I jeans governano di nuovo il mondo

“Concludiamo che i blue jeans, il capo di abbigliamento più popolare al mondo, sono un indicatore del carico diffuso

dell’inquinamento antropico aumentando in modo significativo l’accumulo ambientale di microfibre dalle regioni temperate a quelle artiche”.

Con questo, gli autori riassumono parte della loro scoperta nella presentazione dello studio. Come abbiamo già accennato in precedenza, il denim (e soprattutto quello tinto con la caratteristica tonalità indaco) sembra già aver raggiunto ogni angolo del pianeta. Le microfibre rilasciate dai capi ad ogni lavaggio sono riuscite a farsi strada dai tubi al mare e, attraverso questo, hanno fatto la stessa presenza sia negli oceani che nelle zone temperate del pianeta, come nelle sue zone artiche.

Forse non si dovrebbe lavare i jeans così spesso

I ricercatori hanno anche sottolineato che il lavaggio dei jeans è la principale fonte di introduzione di queste microfibre nei sistemi di acque reflue. Per ogni lavaggio, è stato stimato che i capi potessero rilasciare tra 4.100 e 56.000 microfibre. Per questo motivo, con una sola visita in lavanderia, un paio di jeans può trasportare grandi quantità di sostanze inquinanti nell’ambiente.

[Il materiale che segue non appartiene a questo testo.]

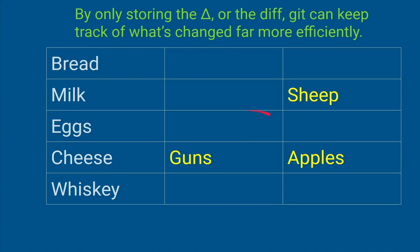And so what that means is we can track a lot of changes without using a lot of file space, and it's also very, very fast. So that's what's very useful about Git.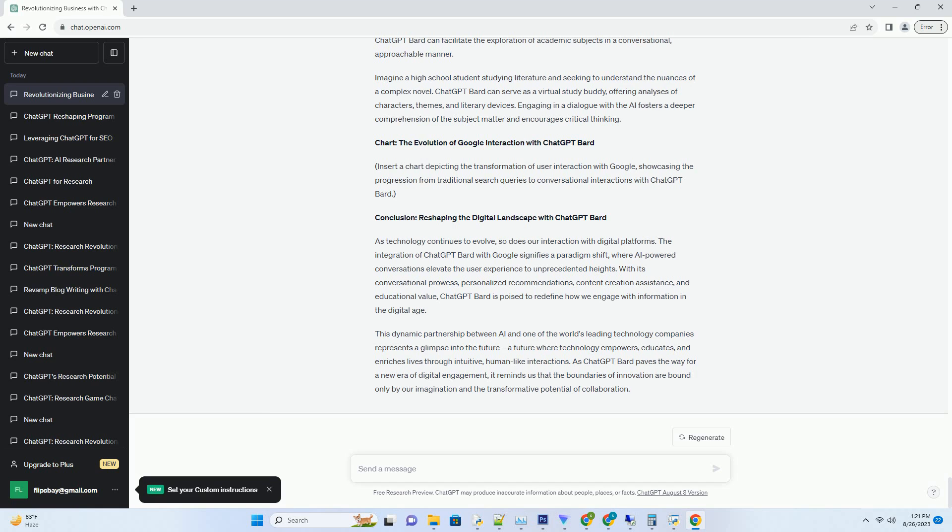Introducing ChatGPT Bard: The Fusion of Language and Search. Imagine a world where your interactions with Google become conversational, intuitive, and seamlessly human-like.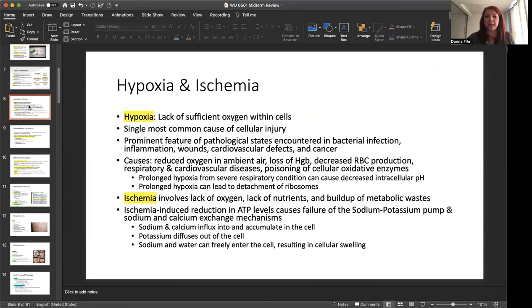Now, when there's prolonged hypoxia from severe respiratory conditions, this can cause a decreased intracellular pH. Prolonged hypoxia can lead to a detachment of ribosomes. Now, with ischemia, this involves a lack of oxygen, lack of nutrients, and buildup of metabolic wastes. There's ischemia-induced reduction in ATP levels caused by failure of the sodium-potassium pump and sodium and calcium exchange mechanisms. So we have some changes going on with these electrolytes here. Sodium-calcium can influx into and accumulate in the cell. Potassium diffuses out of the cell. And sodium and water can freely enter the cell, which results in cellular swelling, which of course is not good.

Ricordiamo che almeno la metà della popolazione mondiale (o più) indossa jeans regolarmente. Questo ci fa vedere che la quantità di microfibre che raggiungono l’ambiente può essere moltiplicata a cifre inimmaginabili. Dopotutto, è stato per questo motivo che i jeans e i loro residui hanno finalmente finito per colonizzare le acque basse e profonde del mondo intero, e sono sempre presenti a qualsiasi sua latitudine.

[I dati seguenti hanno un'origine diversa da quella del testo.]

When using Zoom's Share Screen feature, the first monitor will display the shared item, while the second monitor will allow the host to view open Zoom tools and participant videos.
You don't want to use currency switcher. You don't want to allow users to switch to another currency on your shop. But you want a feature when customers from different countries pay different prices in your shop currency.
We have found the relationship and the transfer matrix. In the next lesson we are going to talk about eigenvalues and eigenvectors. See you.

Chiaramente un solo paio di jeans non fa la differenza, ma la somma di questi in giro per il mondo li rende un problema molto più serio. Ma i ricercatori sanno che il jeans come indumento non scomparirà dalla nostra vita quotidiana. Per questo motivo, raccomandano agli utenti di lavare i jeans in modo più ampio, per ridurre il rilascio di microparticelle. Ritengono inoltre che sia giunto il momento che gli impianti di trattamento dell’acqua riformino i propri processi per poter filtrare queste microfibre in modo più efficace. Un requisito come questo può anche essere incluso come standard nelle attrezzature per la pulizia della casa.


Fonte: The Widespread Environmental Footprint of Indigo Denim Microfibers from Blue Jeans [Link esterno].